Red News Readers,
Australia needs to be careful what we wish for. In our apparent desperation to keep refugee and asylum seekers away from our shores to please the narrow minded in domestic politics, we are helping to create a human rights monster throughout South East Asia.
And just a reminder to K Rudd and his Ministry - ALP policy as decided by successive national conference permits mandatory detention, but only in limited circumstances.
It is generally agreed that processing should take no longer than 90 days. So what is the hold up - are the Canberra bureaucrats on holidays.
Refugee deals start Asia 'virus'
JONATHAN PEARLMAN AND ARI SHARP, SMH.
January 7, 2010
AUSTRALIA'S deals to deter asylum seekers have triggered an Asia-wide virus of ''xenophobia and amnesia'' over refugee rights, a human rights group says.
The refugee policy director at Human Rights Watch, Bill Frelick, has criticised recent moves across Asia to prevent the resettlement of refugees, which he says began with the agreement in October between the Prime Minister, Kevin Rudd, and the Indonesian President, Susilo Bambang Yudhoyono, to prevent a boatload of Sri Lankan asylum seekers from entering Australian waters.
''The willingness to flout international refugee law and to ignore the entreaties of refugees not to be sent back to their home countries has become the mark of chummy bilateral relations between Asian states,'' Mr Frelick writes in the International Herald Tribune.

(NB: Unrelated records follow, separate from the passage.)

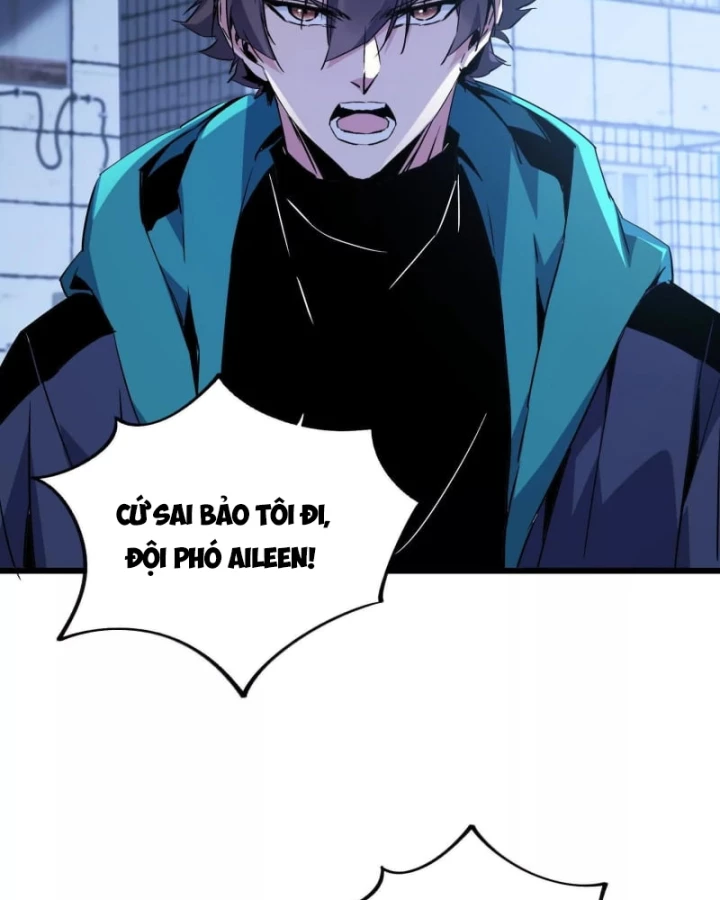 Mạt Thế Cẩu Sinh: Gián Giúp Ta Chồng Buff Chapter 36 - 25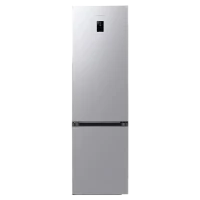 Холодильник Samsung RB38C676DSA/EF
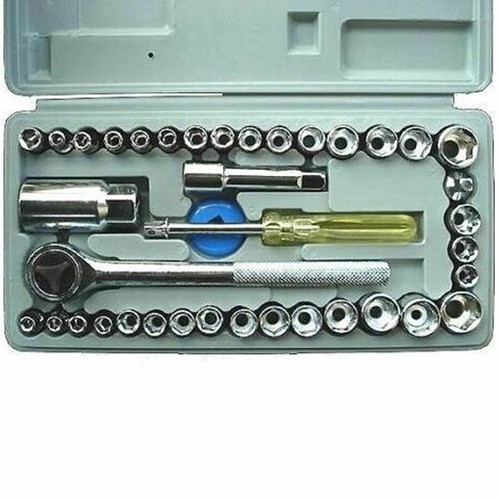 Kit set chiavi - chiavi, con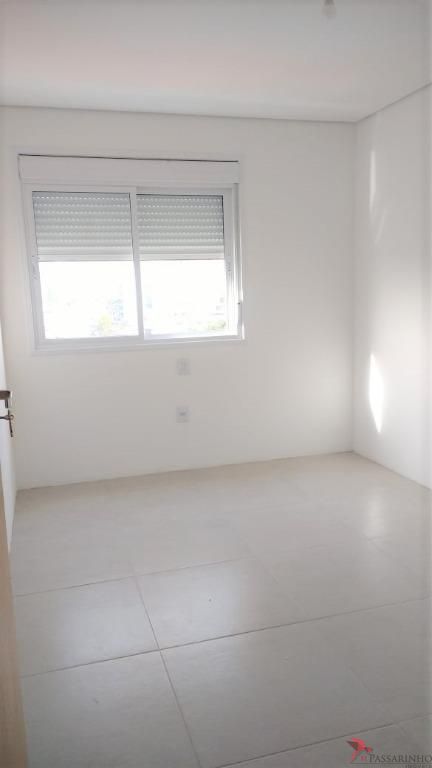 Apartamento à venda com 3 quartos, 93m² - Foto 14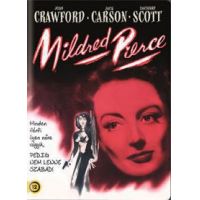 Mildred Pierce (1945) (DVD)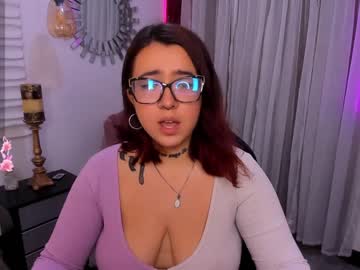 [08-05-24] adhara4 record private show from Chaturbate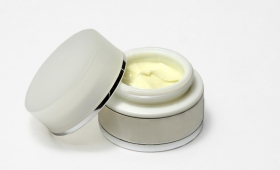 Une crème, un baume ou un produit fluide pour votre peau ?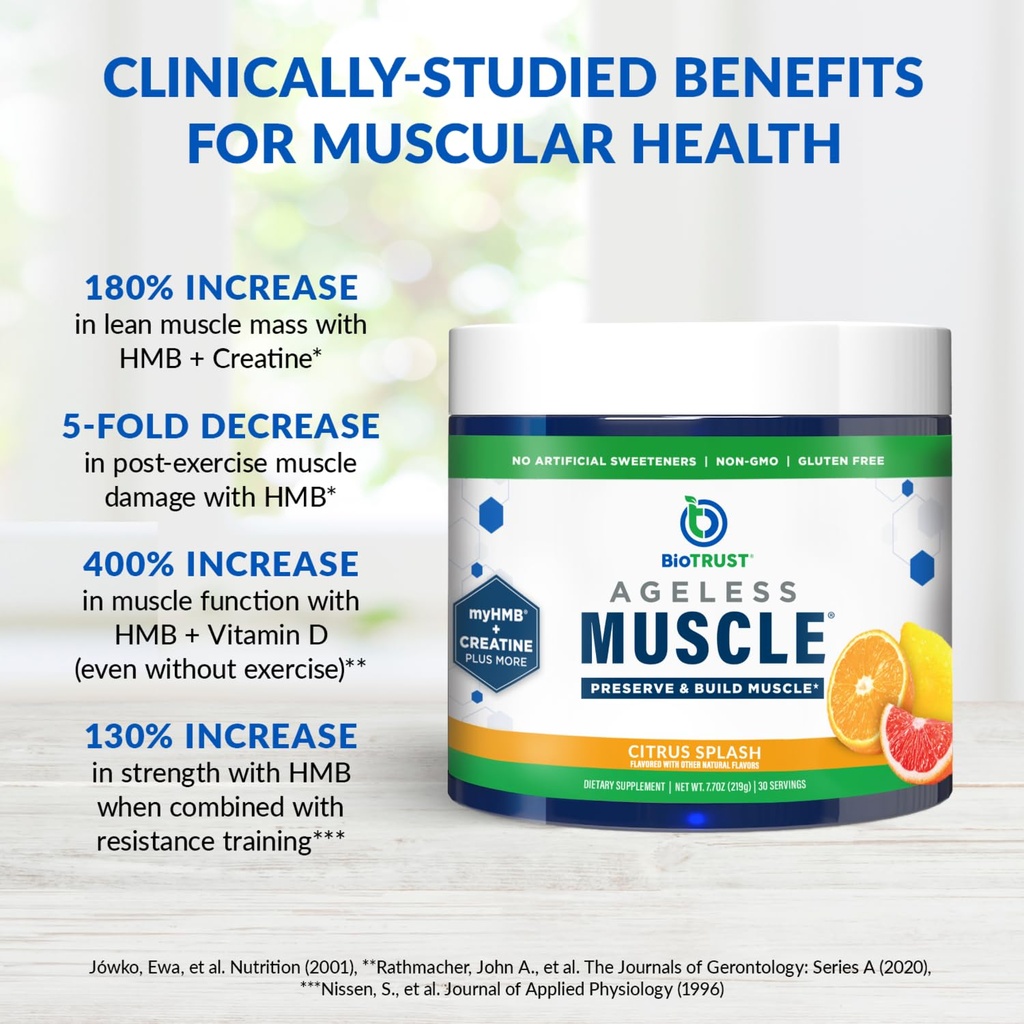 biotrust-ageless-muscle-builder-creatine-5.jpg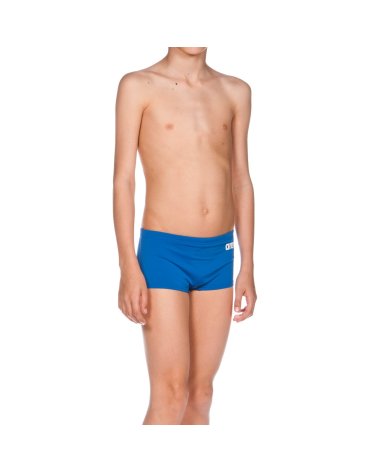 Arena Bañador Boxer B Solid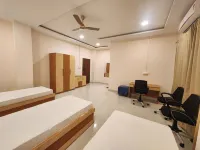 Bio-input Guest House Hotels in 
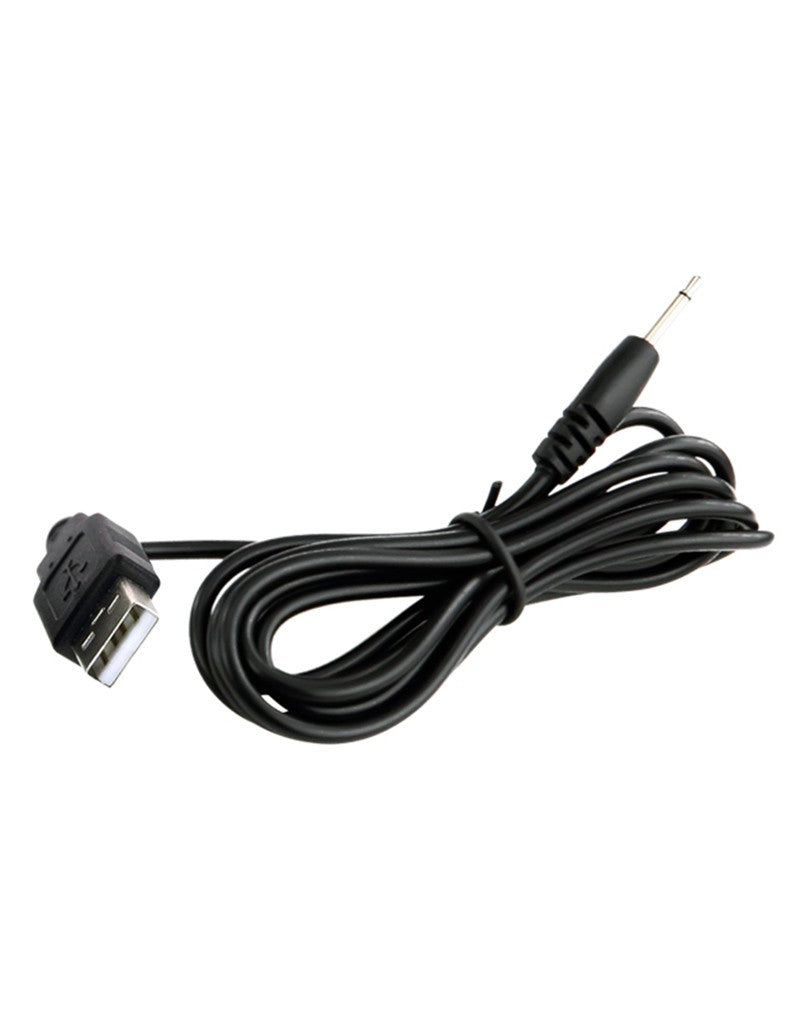 12: Pretty Love - Lorelei Electronic Masturbator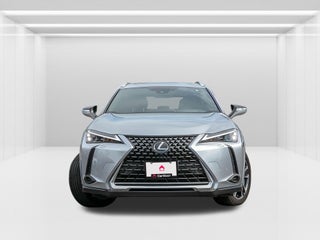 2023 Lexus UX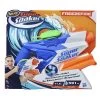 HASBRO B8249EU4 - Nerf Super Soaker - Freezefire -Hasbro 5010993324149 0 600x600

''A virus is sweeping Asia. The symptoms are heightened xenophobia and amnesia about fundamental refugee rights. Australia and Indonesia succumbed first, in October, when they stopped boats carrying Sri Lankans … Granting asylum is a humanitarian act that should be entirely divorced from political relations between states.''
More than 200 ethnic Tamils remain on a wooden boat in the Indonesian port of Merak after their vessel was intercepted by the Indonesian Navy on its way to Australia, following a request by phone from Mr Rudd to Dr Yudhoyono.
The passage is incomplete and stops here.